§ DATA FOR THIS TASK
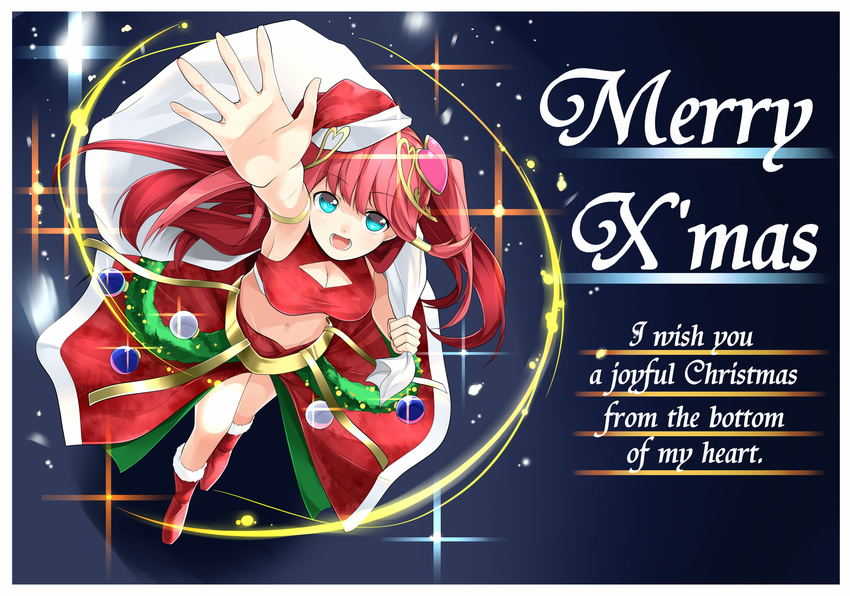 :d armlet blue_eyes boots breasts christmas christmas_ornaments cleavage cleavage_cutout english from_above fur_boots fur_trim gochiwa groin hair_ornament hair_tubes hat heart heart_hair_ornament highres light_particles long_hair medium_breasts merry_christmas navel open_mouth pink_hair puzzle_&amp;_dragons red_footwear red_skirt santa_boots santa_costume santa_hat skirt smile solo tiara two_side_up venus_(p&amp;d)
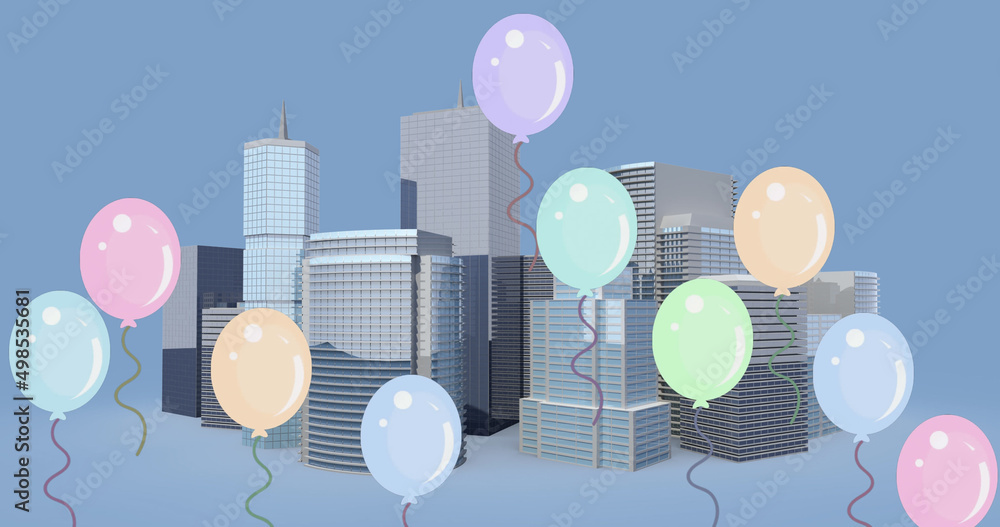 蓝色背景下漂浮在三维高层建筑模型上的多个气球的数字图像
--
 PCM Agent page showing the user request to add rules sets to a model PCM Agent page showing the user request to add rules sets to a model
...
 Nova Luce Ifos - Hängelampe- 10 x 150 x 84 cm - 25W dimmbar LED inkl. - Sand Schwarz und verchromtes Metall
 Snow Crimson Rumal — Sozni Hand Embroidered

§ PROBLEM STATEMENT
Beginning at the line with "Nova Luce Ifos" and stopping after the line with "Snow Crimson Rumal — Sozni Hand Embroidered", please write out every line of the data above exactly and nothing else.

§ COMPLETED EXERCISE
 Nova Luce Ifos - Hängelampe- 10 x 150 x 84 cm - 25W dimmbar LED inkl. - Sand Schwarz und verchromtes Metall
 Snow Crimson Rumal — Sozni Hand Embroidered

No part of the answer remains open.